Overall, we derived a compact, statistical description of all 557 architectures. The plant moments are consistent with a truncated 3D Gaussian density function. This description is almost as simple as it can possibly be.
Deviation in Growth Strategies across Time, Conditions, and Species
Despite the overall similarity in the shape of the plant spatial density functions, there were architectures scattered above and below the regression lines for each moment order (Figure 3B). Is this noise, or are there systematic differences in this scatter?
To explore this, we focused on scatter for the total length of the plant (m0) plotted versus the volume of the plant σxyz. Because these showed a linear relationship on a log-log plot (Figures 5A and 5B), these two variables were related as Volume ∝ Lengthα, indicating that, as total length increases, the volumetric territory occupied by the plant increases in accordance with a power law [12]. However, plants that lie below the log-log regression line have a shorter total length for the same volume occupied and vice versa. This means that branch density (length per unit volume) is systematically lower for plants below the line versus for those above the line.
First, we sought differences in the length-to-volume relationship across species and conditions. For tomato plants grown in drought conditions, 81.5% of the plants lay below the line, whereas for tobacco in high heat, 78.6% of plants lay above the line (Figures 5C and 5D; p < 0.05 for both). Figure S4 shows visually how much less volume tobacco grown in high heat occupies compared to tobacco grown in control conditions. This difference has a known biological basis [40, 41]: in high heat, tobacco leaves curl upward to reduce moisture loss through evaporation—a classical stress response—and the leaves bunch together, occupying less volume. This strategy increases self-shading and reduces leaf surface area exposed to light, effectively acting as a cooling effect. We also characterized how plant volume scales with a higher-order moment (m10) and found similar differences in the same species-condition pairs (Figure S5), suggesting that these differences extend beyond just simple length-to-volume measurements.
Second, we sought systematic differences in the length-to-volume relationship across time and found that young tomato and tobacco plants occupy more volume than young sorghum plants for the same length (STAR Methods).
Overall, these results further challenge previous hypotheses that branching architectures of plants are always volume filling [39]. Variation in length-to-volume relationships represents one type of “knob” that plants can use to tune their architectures to specific environmental challenges, while still obeying the same general growth rule. Moreover, whereas length-to-volume relationships have long been studied in the literature, characterizing these differences as they vary across environmental conditions for the same species, and across time for the same plant, is to our knowledge novel.
DISCUSSION
We studied the probabilistic shape of plant architectures and found that all architectures share two fundamental properties: their spatial density functions are nearly separable and self-similar. Separability means that spatial density functions are decoupled across the x, y, and z directions. This suggests that the same growth logic can be applied without needing to “rewrite the code” in each direction separately. This may be desirable because the optimal growth direction is highly unpredictable and dependent on light or competition that can come from any direction. Self-similarity means that different plant spatial density functions can be morphed into one another by stretching or compressing along orthogonal directions. Together, these two properties suggest a type of biological modularity [42, 43], where regulating a few parameters may be sufficient to generate a large diversity of architectures. We also found that a single density function, a 3D Gaussian truncated at roughly two SDs, is capable of describing a large diversity of architectures.

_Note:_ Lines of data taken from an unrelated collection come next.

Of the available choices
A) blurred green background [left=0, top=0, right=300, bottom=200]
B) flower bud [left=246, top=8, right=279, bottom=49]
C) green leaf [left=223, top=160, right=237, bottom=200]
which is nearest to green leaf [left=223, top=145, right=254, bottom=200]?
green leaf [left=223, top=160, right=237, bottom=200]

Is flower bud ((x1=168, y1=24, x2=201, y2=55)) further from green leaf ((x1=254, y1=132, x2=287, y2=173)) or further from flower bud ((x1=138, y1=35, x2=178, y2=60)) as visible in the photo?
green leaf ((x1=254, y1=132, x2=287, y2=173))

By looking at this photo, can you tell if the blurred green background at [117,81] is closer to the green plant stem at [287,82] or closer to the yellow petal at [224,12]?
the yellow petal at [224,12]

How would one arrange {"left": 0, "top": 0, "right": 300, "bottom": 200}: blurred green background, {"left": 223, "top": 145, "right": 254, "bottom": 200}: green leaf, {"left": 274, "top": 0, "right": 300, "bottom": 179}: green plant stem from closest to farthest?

There are four ways in which our work may be used in the service of plant biology. First, our finding that all plants considered here are statistically similar raises immediate questions about the molecular mechanisms that give rise to this simplicity in morphology. Gene regulatory networks responsible for pattern formation are often conserved and are capable of producing a broad spectrum of patterns by combinatorially modulating the expression of one or a few core genes [44–46]. Indeed, most mutations lead to changes in gene expression levels, as opposed to the deletion or invention of entirely new genes, and these changes have long been viewed as a primary mechanism of evolutionary adaptation [47–50]. From an evolutionary perspective, some conservation of structure may be expected—it is unlikely that evolution uses growth rules that are unique to every individual species or every different condition. However, only developing the machinery to implement a single functional form is highly economical and was not an expected result. The mechanism driving this form remains a mystery and clearly begs for an explanation by molecular and cell biologists. Second, understanding growth is a grand challenge in plant biology [1]; our finding that the functional form of the density function is similar in both young and adult plants suggests that similar growth strategies may be used throughout development. Whereas the properties studied here are not meant to allow for the reconstruction of individual plant architectures, they do help explain variance in architectures observed at the population level. Third, these properties may provide new evaluation strategies for genome engineering and plant selection that are critical for increasing crop yield [27, 28, 51]. Fourth, we used statistical moments to describe plant architectures; reverse engineering these moments to actual plant traits could provide a new method for understanding and comparing plant forms.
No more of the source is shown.